To fair, did you not think it would have been a good idea to sort this yourself at the start.
If I had a landlord and it wasn't sorted, I would have just called in rentokill myself and sent the bill to the landlord.
FoxExe, I'm sure the metal cutlery could be sterilised yes. But in practice would you seriously want to tuck into dinner knowing where they'd been and how caked in pee and crap they were every time you put them in your mouth?
Yes. Because after a metal object has been cleaned and sterilised, there are no contaminants left to be worried about...
It's purely in your head after that.
How many people would want to eat using cutlery and crockery that's been covered in mice **** and pee no matter how clean it really is lol
Good luck with that. Personally I'll happily cling to my psychological misgivings. Blame evolution for providing me with a sense of preservation. Irrational fears aren't all that irrational when looked at from that perspective. I don't care if it gets boil washed, autoclaved, and then sterilised with gamma radiation. I'm still not eating off/with it. Period.![]()
Thanks for the helpful and sympathetic replies folks, I'm taking it all on board. MrLOL, unfortunately in this case the upstairs is as bad as the downstairs. The beds, for example, now have 'runways' carved up the material sides in various places, where so many mice have been running up and down them so often. The mattresses and bedding are caked in droppings and stink of mouse pee now.
If I smelted them down in an industrial furnace, and made new cutlery from the molten metal, would that be OK?Or would that mouse pee still bother you?
![]()
The council already tried that mate, not quite to that extreme but they definitely went to town on it... the boxes and exposed baits are matted with rodent hair, but there isn't so much as a nibble missing from them. ;\
Rentokill made the analogy of dry porridge made with only hot water, to a Sunday roast. Which would you pick? The house is allowing such free access to and from outside that the mice are enjoying fine dining in the garden and the farmer's field, and coming home just to sleep, breed and wreck havoc. The poison isn't even really attracting them aside from, as I said above, the Eradibait which they seem to have confused with wood.

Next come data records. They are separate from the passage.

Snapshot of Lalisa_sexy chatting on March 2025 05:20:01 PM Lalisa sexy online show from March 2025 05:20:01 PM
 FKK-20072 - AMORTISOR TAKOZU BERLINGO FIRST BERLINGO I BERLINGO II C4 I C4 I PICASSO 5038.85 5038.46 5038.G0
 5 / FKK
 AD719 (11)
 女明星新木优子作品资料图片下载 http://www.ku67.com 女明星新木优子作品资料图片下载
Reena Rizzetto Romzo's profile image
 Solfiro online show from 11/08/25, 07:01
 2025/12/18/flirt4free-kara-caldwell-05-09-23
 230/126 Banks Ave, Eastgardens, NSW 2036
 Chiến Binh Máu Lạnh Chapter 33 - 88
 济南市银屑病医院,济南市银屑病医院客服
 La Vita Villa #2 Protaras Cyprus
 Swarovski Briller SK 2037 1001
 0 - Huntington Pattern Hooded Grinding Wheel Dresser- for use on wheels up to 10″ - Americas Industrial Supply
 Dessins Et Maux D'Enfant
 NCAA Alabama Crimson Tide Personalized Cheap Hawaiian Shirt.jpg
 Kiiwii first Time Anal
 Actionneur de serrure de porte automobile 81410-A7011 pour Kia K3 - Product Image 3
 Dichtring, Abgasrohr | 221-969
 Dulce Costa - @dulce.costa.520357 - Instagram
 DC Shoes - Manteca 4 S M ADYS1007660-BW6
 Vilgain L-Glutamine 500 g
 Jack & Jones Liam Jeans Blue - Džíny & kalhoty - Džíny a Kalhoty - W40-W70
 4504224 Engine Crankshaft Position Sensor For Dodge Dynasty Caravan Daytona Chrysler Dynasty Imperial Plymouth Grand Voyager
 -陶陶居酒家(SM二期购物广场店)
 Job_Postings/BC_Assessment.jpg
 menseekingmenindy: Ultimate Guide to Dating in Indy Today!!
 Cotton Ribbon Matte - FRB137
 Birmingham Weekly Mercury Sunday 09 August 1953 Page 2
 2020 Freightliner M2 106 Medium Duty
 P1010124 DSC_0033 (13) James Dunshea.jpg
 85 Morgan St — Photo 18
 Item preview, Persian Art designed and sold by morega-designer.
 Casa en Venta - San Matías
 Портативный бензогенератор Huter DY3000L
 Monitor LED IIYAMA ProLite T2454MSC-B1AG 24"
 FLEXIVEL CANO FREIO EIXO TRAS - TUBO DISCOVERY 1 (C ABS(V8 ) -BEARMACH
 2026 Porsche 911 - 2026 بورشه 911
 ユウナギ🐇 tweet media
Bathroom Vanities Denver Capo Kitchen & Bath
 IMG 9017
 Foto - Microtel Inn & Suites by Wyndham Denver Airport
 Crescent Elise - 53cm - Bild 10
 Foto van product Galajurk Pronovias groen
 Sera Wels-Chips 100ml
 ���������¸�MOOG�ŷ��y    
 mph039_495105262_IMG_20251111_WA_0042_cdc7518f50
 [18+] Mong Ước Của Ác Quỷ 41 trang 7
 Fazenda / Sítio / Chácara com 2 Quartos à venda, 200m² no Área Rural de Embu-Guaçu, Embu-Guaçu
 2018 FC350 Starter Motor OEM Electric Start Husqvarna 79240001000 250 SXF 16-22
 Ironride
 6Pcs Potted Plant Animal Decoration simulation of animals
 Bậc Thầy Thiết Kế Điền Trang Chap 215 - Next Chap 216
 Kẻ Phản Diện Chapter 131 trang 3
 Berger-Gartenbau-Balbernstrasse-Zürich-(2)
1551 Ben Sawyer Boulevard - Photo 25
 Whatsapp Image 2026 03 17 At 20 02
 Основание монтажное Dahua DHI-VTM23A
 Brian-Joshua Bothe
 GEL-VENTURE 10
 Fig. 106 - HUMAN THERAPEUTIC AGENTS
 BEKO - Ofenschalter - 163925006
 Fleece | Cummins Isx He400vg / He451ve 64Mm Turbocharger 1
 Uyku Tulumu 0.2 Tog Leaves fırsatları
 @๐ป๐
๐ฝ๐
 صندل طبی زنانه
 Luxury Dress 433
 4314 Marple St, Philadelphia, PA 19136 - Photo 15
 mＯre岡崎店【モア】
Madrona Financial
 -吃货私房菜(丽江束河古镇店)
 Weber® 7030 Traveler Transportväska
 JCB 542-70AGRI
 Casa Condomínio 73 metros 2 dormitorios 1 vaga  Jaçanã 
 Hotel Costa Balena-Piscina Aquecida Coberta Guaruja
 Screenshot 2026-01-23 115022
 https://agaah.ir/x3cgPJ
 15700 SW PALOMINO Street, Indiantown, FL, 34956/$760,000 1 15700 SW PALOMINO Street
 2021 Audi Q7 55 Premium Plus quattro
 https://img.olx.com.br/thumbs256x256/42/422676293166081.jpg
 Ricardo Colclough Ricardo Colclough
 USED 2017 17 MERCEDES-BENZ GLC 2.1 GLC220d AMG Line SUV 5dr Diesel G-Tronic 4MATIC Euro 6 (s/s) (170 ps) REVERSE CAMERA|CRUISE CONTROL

The pest guy says that for every 10 I kill, 20 more are moving in. He spent an hour surveying every nook, cranny and hole inside and out, and said he can clearly see that they are still 'pouring' into the house from outside. Bleurgh.![]()
You mean like placing traps and poison, and calling out the council's pest control. Oh, wait...
If you read the thread, you'll see that all this (and more) was done, but there were mice moving in faster than they could be killed due to the substantial defects in the property's structure.
Why don't you swap your crockery and cutlery with him?
I'd probably just ignore the non existent disease risk and take the stuff with me. Unless there is some new bacteria that no one knows about that can withstand bleach, hydrogen peroxide, sodium hydroxide and gamma irradiation.
So you would irradiate everything? I wonder if the cost would be more or less just buying afresh . . . .![]()
I don't so much have a set of cutlery as I have an assortment of un-matched knives, forks, and spoons, that have been acquired over the years.
For all I know, some of them might have been covered in mouse pee before I got themWhat I do know, is that after a good wash and disinfection routine, I'd use any +metal+ knife, fork or spoon you could find. As long as it isn't made of lead
And so would you, if I didn't tell you where it had been. And it wouldn't hurt you. But you still might stop using it after I told you. Like I said, it's an emotional reaction rather than a logical one.